John Divilly's six league lessons: Time to free the free-takers from cages

John Divilly pick out the key takeaways from the weekend’s football action.

Free the freetakers

The latest craze is on its way to the GAA: Cages, so free-takers can practice before they enter the fray.

The architects have already drawn up the blueprints and emailed them to every club in the country.

“We’ve got a scoreable free,” comes the shout. “Send in the freetaker.”

Out he steps of the ‘free-cage’, strolling confidently to the ball. One look at the post, strikes and he scores. Thank God, for the cage! Slightly dramatic, I know, but what of our current free-takers entering the pitch coldly.

They’re handed the ball and told to pop it over. Cillian O’Connor, Dean Rock and Michael Murphy, no slouches when it comes to pressure place-kicking, have all missed easy kicks over the last two weekends. Surely, there is another player on the field who can nudge one between the posts, just until the ‘real’ freetaker is ready?

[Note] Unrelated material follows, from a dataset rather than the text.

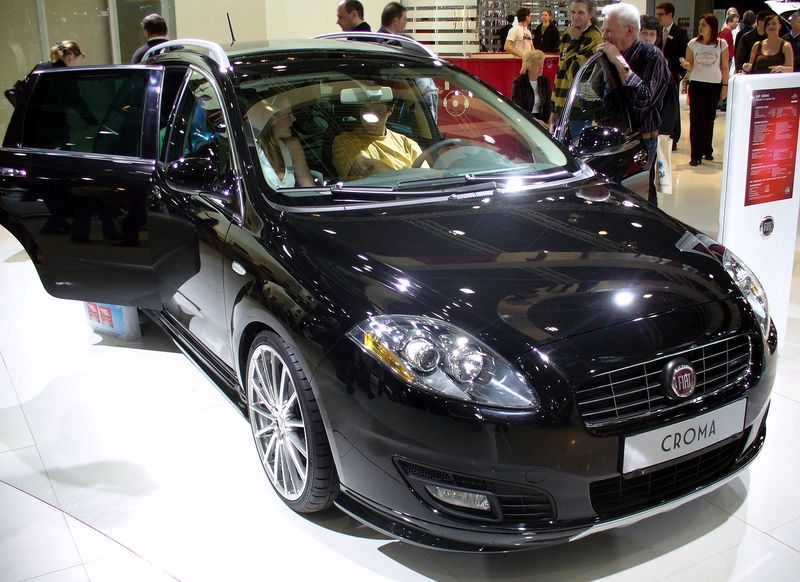 Soubor:Fiat Croma Facelift.JPG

Donegal and Dublin cubs impress

How refreshing to see the “new kids on the block” impress in Croke Park on Saturday night. Okay, they’re not exactly “new kids”, but Dublin’s Colm Basquel, Brian Howard and Niall Scully, along with Stephen McBrearty, Eoin Ban Gallagher and Jamie Brennan from Donegal all impressed at GAA HQ. The three Tir Chonaill lads are all former Sigerson players with Sligo IT. Gallagher’s runs from the heart of the Donegal rearguard will surely be a feature during the championship, while Jamie Brennan showed Philly McMahon a clean pair of heels on several occasions. He could — and should — have scored two goals.

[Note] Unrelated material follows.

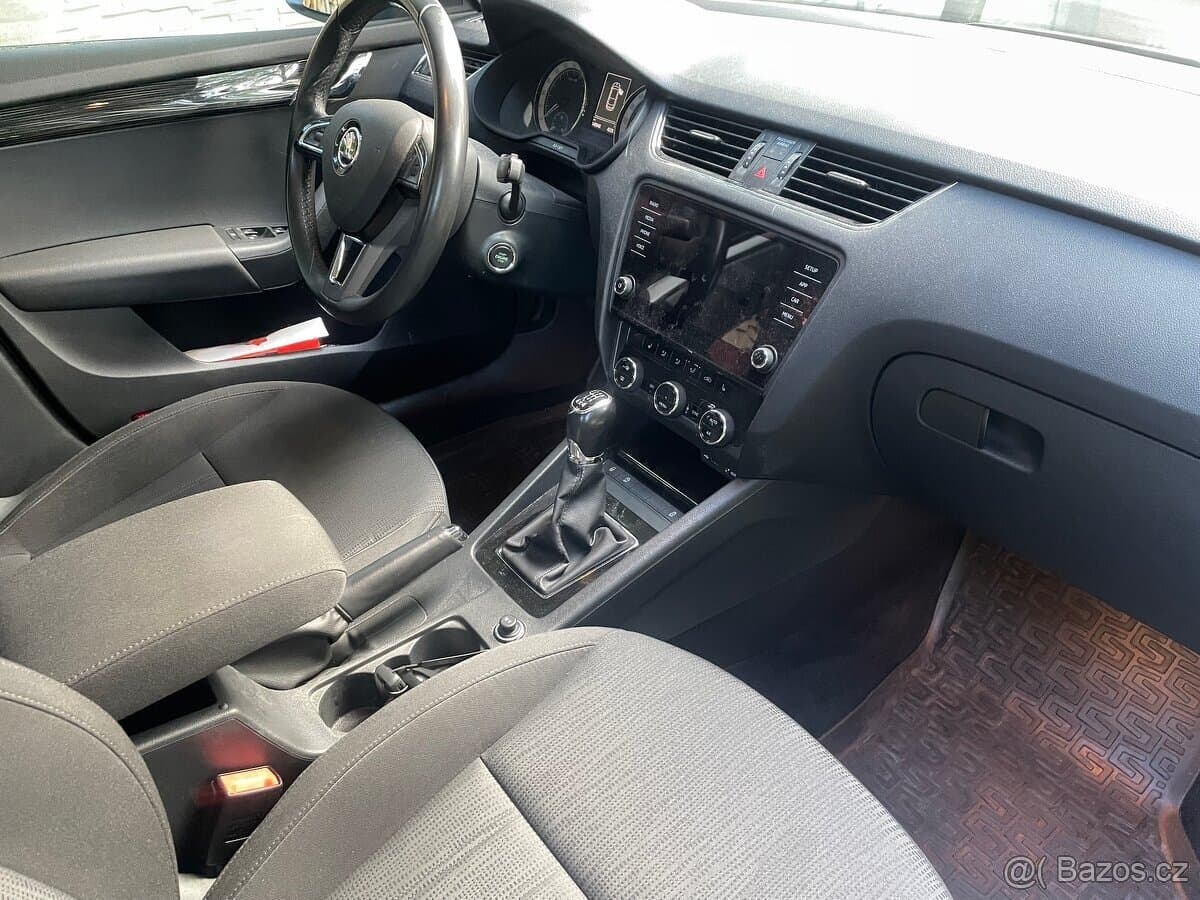 2017 Škoda OCTAVIA - 11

Stephen McBrearty showed some classy moments around the middle third. Speaking of class, Scully, Basquel and Howard showed us what the new Dublin half-forward line might look like during the summer. No doubt that Paul Flynn, Diarmuid Connolly and Kevin McMananam took notice and will be training extra hard over the next few weeks to show who’s still boss.

“Pre-order your tickets”

No doubt that will be the call from Connacht Council’s John Prenty to all Galway and Mayo fans after yesterday’s championship appetiser. Galway lay down another marker in Pearse Stadium, both physically and psychologically. Galway were happy to concede short kick-outs to Mayo, invite them into the middle third and then tackle with ferocity and numbers. When it worked, we got great scores from Brannigan, Walsh and Comer, while Barry McHugh lit up Salthill with a super goal. When it didn’t work, Galway conceded soft frees, occasionally made all the easier for Mayo with some schoolboy dissent. What was notable was that Mayo actually kicked the ball more than Galway yesterday and it’s the first time I’ve seen Aidan O’Shea lose a throw-up. Mayo need and will probably have their “Famous Five” back for the championship, namely Keegan, Higgins, Moran, Parsons and Seamus O’Shea, as their search for new blood isn’t stacking up well at the moment.

Double Delight

Our National stadium, the one pitch which can handle double-headers, provided Ladies NFL champions Cork a chance to showcase their talents. Cork are chasing a sixth NFL title in a row, but they met a powerful running Dublin side on Saturday night. It was a wonderful game filled with tough tackles, scores and a spirited Rebel comeback. They left it too late, though, as Dublin, who should have won more convincingly, with all their possession and goal scoring opportunities, held out for a one-point win. Orla Finn and Emer Scally caught the eye for Cork, but Dublin had stars throughout the field, with the powerhouse Noelle Healy leading by example. Dublin may be All-Ireland champions, but have never won the top flight of the league. Will they add this title to their trophy cabinet?

Can Carlow keep climbing?

The three Murphys, no relations, are powering Carlow towards Division Three. Can they maintain this consistency? Sean and Brendan Murphy, in the middle of the park, have continued their dominance over their opponents so far, while up front their captain John Murphy is tucking away the goals. They are fantastic athletes and now are showcasing their fantastic football abilities on a regular basis. They remain on course, with Laois, to finally get promoted and build on last year’s memorable championship campaign. Discipline, on the field, when the pressure comes on has been their downfall in recent campaigns. A few more weeks and we’ll get to see if they can reach their Everest, Division Three.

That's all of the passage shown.